Pure Red Coral: The rarest of corals, pure red coral, or Corallium rubrum, is used mostly for jewelry making. Also known as fire coral or oxblood coral, the hue of the stone is a deep, rich red. The stone has been over-harvested, and because of this there is not much natural red coral left. Red coral lives deep in the ocean and is highly desirable. It's often set with other natural gemstones, especially turquoise, and looks stunning when paired with yellow gold. Much of the red coral on the market today is dyed to achieve the rich hue.
Simulated and Reconstituted Coral: When coral is reconstituted, it means that one piece of coral is made of other natural ocean material, small pieces of coral or coral powder that have been soaked in binding agents, pressed into one solid piece and then re-cut to be set into jewelry. Reconstituted coral is usually dyed to achieve a more uniform appearance. Simulated coral is not real natural coral at all, and can be made from any number of man-made materials, such as plastic or resin, to resemble the real stone.

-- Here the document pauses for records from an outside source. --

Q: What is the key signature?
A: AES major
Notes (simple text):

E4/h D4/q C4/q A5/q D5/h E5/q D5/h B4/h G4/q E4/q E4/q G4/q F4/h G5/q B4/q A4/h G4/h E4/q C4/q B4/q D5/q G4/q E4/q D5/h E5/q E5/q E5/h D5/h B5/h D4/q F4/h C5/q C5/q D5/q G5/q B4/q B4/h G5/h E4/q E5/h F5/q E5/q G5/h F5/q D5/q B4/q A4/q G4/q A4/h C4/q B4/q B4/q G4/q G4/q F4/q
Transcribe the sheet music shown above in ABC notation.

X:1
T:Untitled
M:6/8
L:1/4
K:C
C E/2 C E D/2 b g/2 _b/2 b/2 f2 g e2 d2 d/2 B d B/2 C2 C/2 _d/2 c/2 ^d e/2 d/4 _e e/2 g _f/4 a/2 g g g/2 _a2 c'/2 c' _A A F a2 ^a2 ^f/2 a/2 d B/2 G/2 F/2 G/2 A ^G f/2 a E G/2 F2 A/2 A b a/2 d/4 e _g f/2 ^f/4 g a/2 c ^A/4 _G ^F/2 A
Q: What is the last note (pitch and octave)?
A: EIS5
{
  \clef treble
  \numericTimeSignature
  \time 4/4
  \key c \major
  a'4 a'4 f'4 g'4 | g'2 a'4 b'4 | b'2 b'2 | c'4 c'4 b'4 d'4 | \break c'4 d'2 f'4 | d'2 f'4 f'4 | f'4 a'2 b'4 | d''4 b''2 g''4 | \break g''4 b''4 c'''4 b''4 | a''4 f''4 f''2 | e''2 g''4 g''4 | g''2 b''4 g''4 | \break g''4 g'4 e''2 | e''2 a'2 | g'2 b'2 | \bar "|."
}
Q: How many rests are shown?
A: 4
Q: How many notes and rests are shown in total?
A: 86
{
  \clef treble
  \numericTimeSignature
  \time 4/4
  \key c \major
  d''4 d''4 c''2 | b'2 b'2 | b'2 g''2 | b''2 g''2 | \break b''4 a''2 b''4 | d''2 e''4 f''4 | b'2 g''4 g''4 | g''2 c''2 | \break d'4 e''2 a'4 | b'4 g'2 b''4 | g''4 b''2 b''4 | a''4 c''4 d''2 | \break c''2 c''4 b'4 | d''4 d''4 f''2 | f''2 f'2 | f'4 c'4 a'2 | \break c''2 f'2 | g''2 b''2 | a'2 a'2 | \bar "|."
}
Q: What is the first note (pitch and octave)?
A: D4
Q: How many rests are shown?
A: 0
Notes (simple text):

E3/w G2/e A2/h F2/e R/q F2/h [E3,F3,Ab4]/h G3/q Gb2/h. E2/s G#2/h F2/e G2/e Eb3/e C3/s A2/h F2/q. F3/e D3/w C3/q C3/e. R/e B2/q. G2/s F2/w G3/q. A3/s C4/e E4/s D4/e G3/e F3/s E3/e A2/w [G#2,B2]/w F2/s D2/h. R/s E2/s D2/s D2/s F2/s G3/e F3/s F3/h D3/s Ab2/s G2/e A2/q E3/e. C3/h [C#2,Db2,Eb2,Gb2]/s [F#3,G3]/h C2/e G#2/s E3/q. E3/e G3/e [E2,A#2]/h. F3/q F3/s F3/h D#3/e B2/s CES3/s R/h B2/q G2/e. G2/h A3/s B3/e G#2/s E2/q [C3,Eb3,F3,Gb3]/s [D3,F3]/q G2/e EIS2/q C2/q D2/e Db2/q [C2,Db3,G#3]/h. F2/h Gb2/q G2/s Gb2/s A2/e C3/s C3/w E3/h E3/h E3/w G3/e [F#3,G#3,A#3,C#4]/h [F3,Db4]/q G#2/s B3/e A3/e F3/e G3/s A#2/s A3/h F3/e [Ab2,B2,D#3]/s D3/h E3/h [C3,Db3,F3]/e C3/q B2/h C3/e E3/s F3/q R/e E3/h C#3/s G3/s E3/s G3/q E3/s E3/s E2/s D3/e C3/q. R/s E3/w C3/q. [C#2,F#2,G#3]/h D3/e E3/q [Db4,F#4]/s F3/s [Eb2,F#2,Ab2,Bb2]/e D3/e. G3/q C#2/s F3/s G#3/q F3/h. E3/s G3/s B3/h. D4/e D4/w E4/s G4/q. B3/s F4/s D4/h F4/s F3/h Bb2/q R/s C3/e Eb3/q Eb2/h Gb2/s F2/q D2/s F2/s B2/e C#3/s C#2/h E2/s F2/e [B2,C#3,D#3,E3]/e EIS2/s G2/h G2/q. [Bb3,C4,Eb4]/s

Black and Angel Skin Coral: Black coral, which is no longer available commercially, used to be harvested in Mexico and the Caribbean and can still be found in pieces of vintage jewelry. Black coral grows in the shape of a tree and doesn't become black until after it's harvested. It's extreme rarity and small size--it takes lots of black coral to get enough to make just one piece of jewelry--means that it can't be used commercially any more. A pink coral called Angel Skin comes from the South Pacific and is often used for jewelry. It's rarity makes it expensive, though generally speaking, it's of lower quality than the more popular red coral.
Bamboo Coral: Bamboo coral grows in many areas of the ocean and is used widely in jewelry, either dyed red or in it's natural state of marbled hues of green and brown. It is mostly used to create coral beads.